▸ RECORDS PROVIDED:
>>>

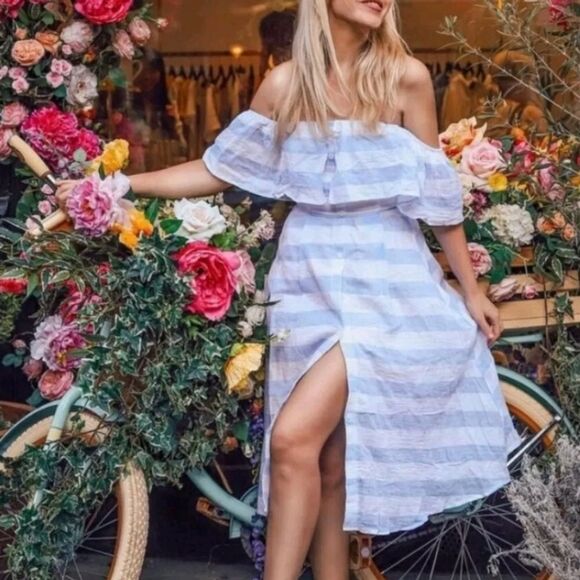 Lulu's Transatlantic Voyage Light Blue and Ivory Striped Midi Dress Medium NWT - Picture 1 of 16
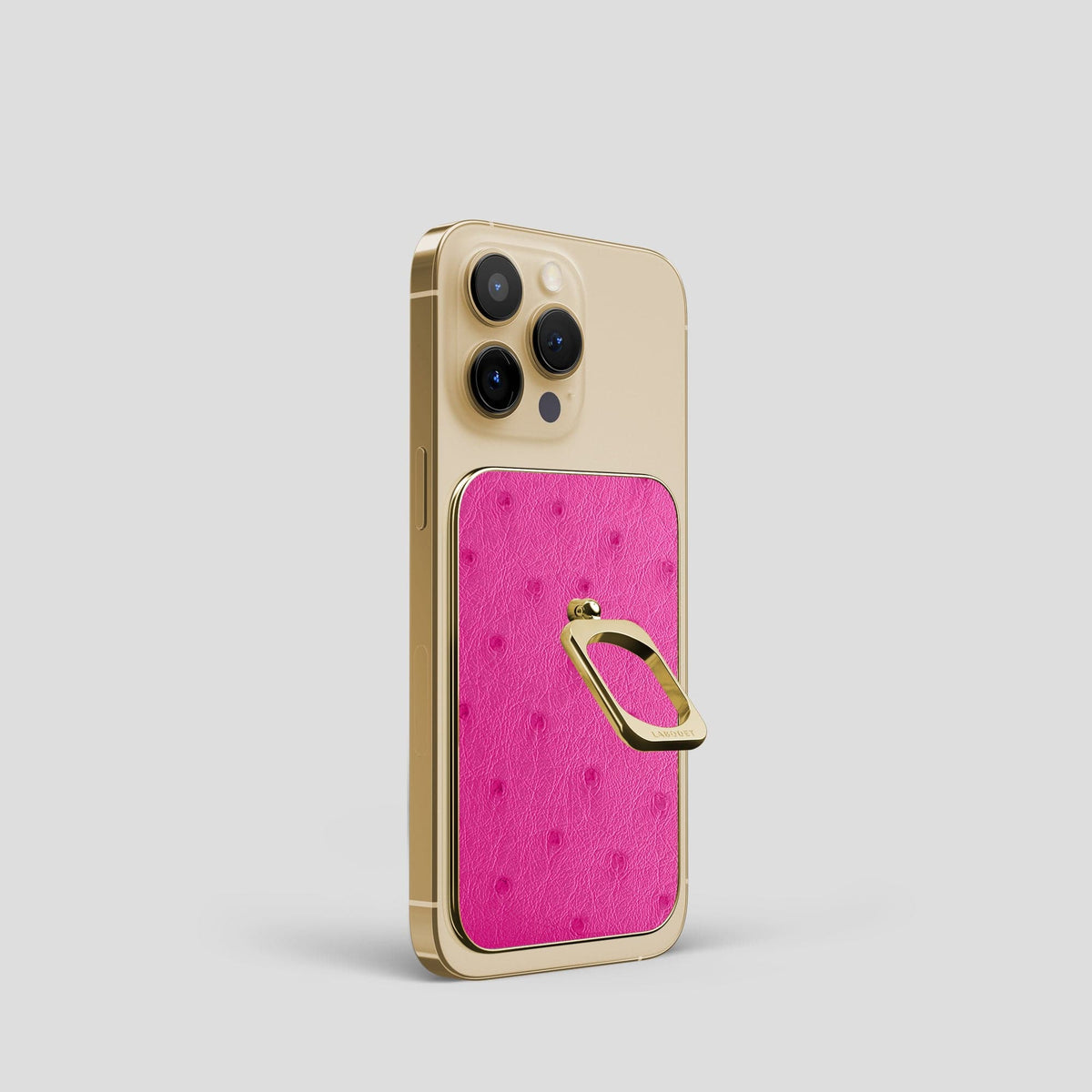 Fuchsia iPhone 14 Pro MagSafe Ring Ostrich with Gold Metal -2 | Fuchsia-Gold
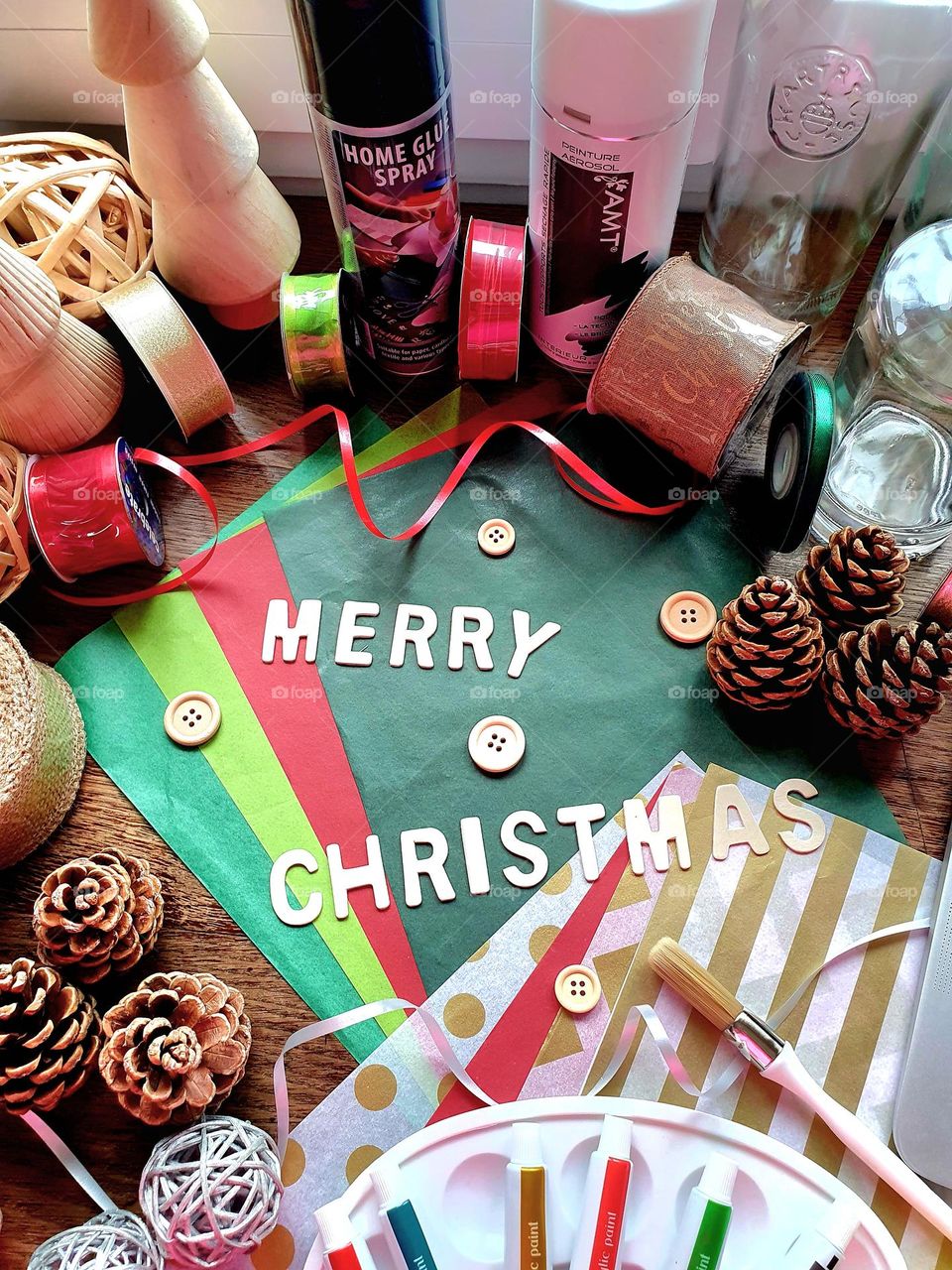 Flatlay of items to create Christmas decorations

<<<
>>>

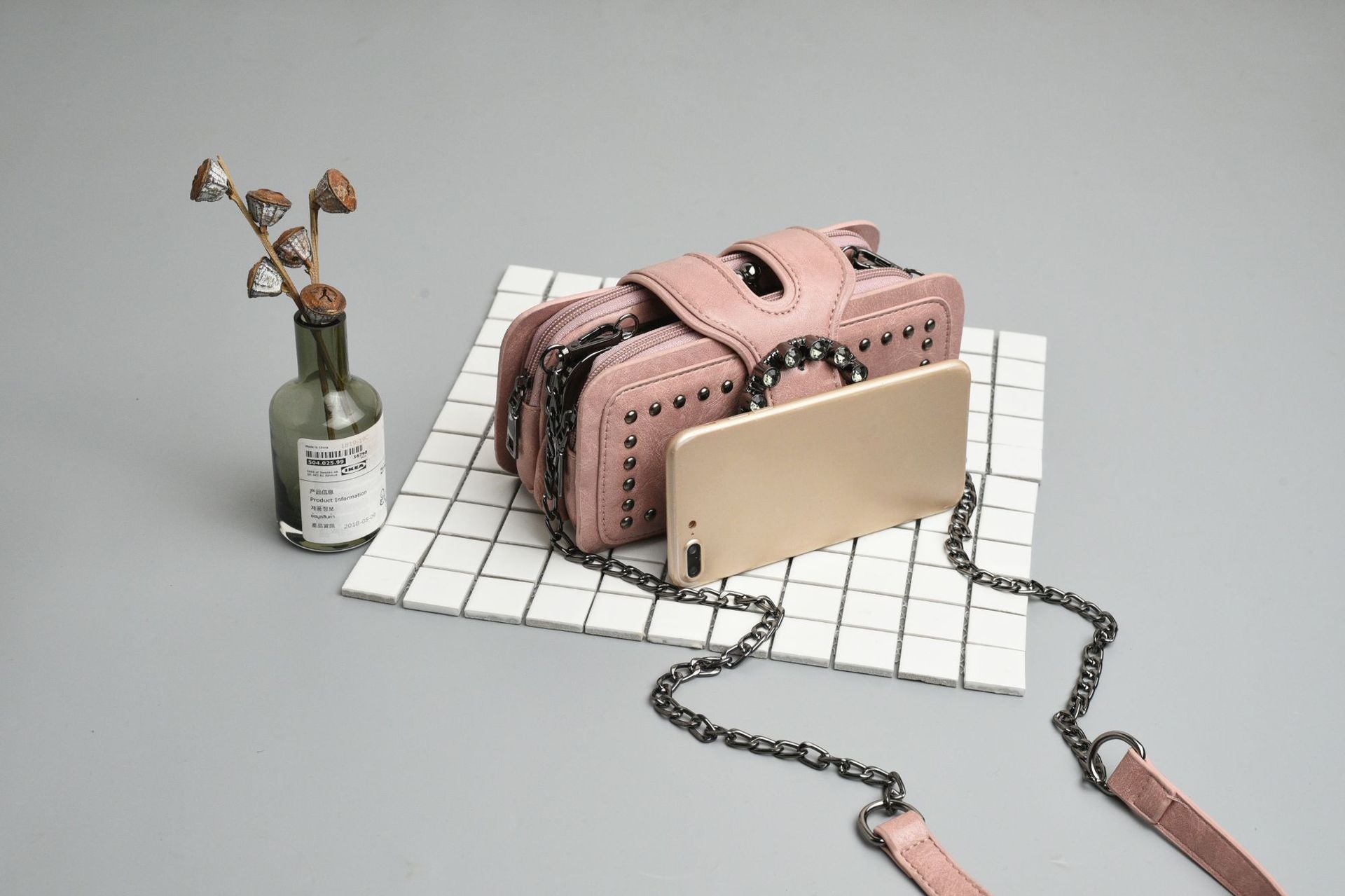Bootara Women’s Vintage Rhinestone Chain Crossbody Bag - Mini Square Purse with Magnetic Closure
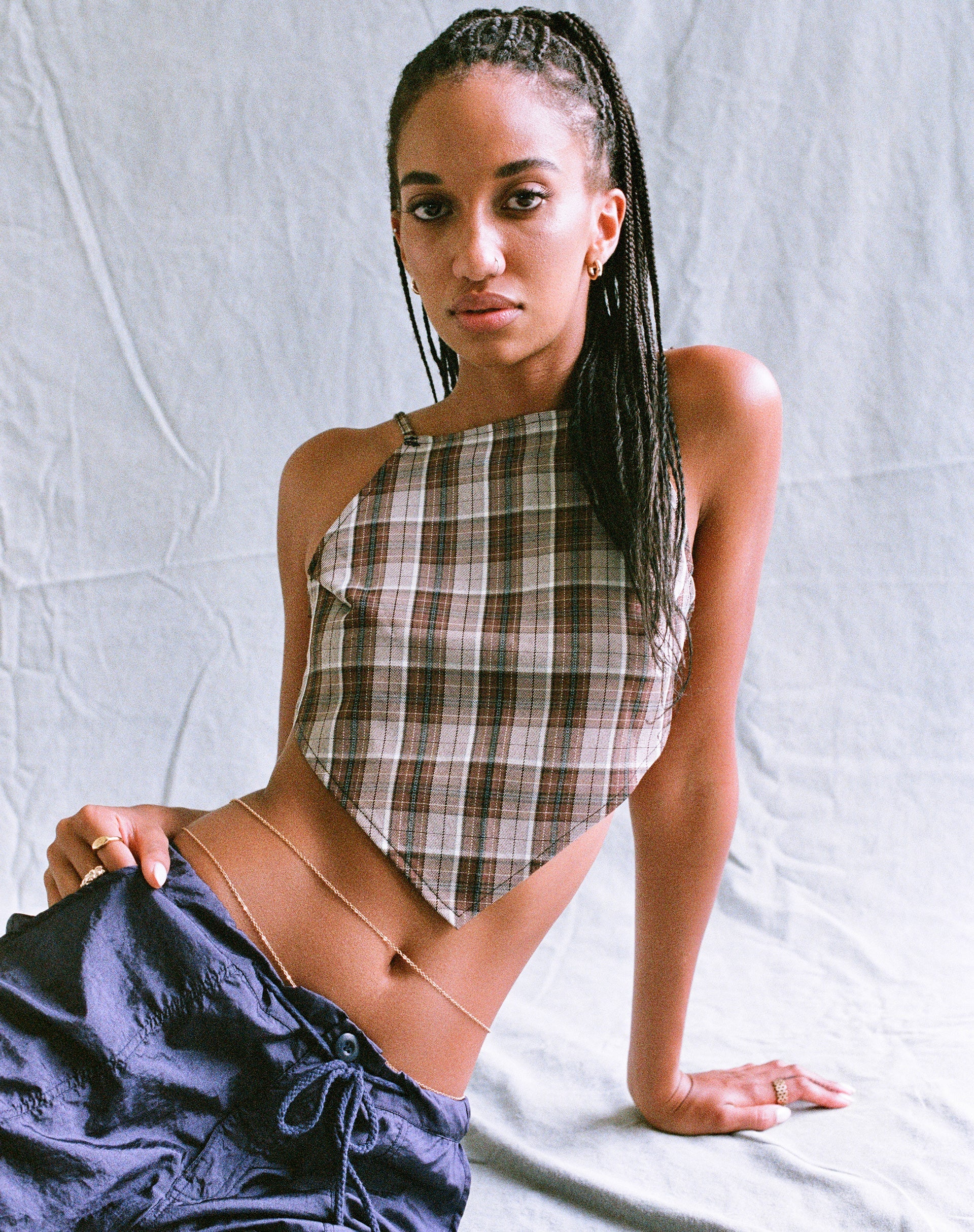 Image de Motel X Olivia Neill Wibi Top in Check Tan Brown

<<<

▸ WORK ITEM:
For this exercise, return exactly the lines above from the line with "Bootara Women’s Vintage" through the line with "Image de Motel", both included. Do not copy the pictures.

▸ ANSWER BOX:
Bootara Women’s Vintage Rhinestone Chain Crossbody Bag - Mini Square Purse with Magnetic Closure
 Image de Motel X Olivia Neill Wibi Top in Check Tan Brown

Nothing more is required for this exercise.